4 tbsp extra-virgin olive oil, divided 

1/2 large white onion, sliced

2 large poblano peppers, cored and sliced 

2 tsp smoked paprika

Salt and pepper to taste

1-1 1/2 cups chopped kale

1 (15 oz.) can black beans, rinsed and drained 

6 (8-inch) whole wheat tortillas 

3 cups shredded Monterey Jack or Mexican blend cheese

Serve with salsa, sour cream, or guacamole (optional)

  1. Heat 2 tbsp of olive oil in a large skillet over medium heat. Add the onion and peppers, sprinkle in the smoked paprika and salt and pepper to taste. Saute until soft and nearly cooked through, about 6-8 minutes. Add kale and saute for another 2 minutes.
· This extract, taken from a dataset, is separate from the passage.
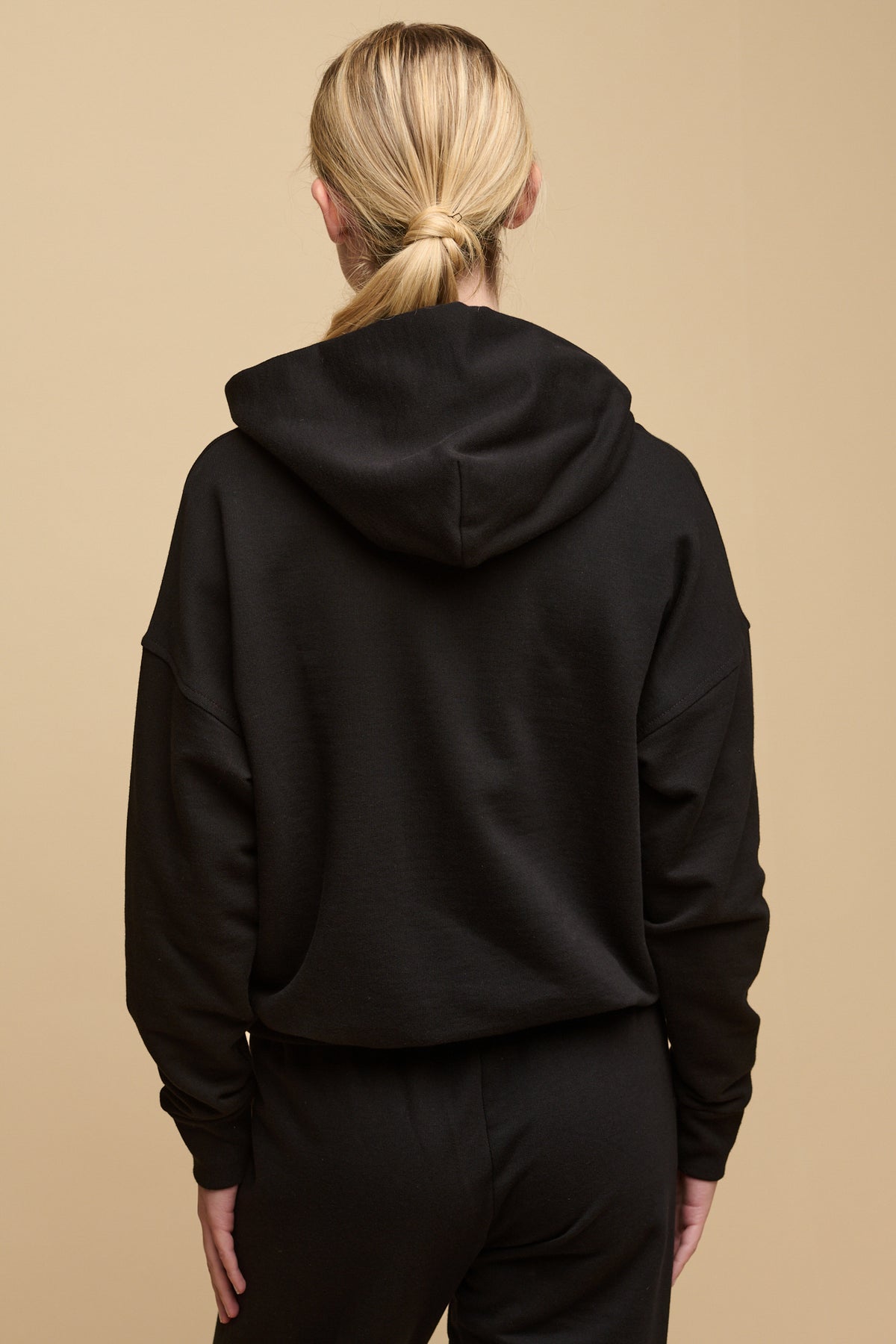 The back of female wearing hooded sweatshirt in black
Add beans and cook for another 2 minutes.

  2. Place about 1/4 cup of cheese on on the bottom half of each tortilla. Evenly distribute the filling on top of the cheese, then top with another 1/4 cup of cheese. Gently fold over the other half of the tortilla to seal, making each quesadilla into a half circle.

  3. Heat another 1-2 tsp of olive oil over medium heat. In batches of two, cook the quesadillas for 2-4 minutes on each side, until golden brown and crunchy, and the cheese is melted. Repeat with remaining quesadillas.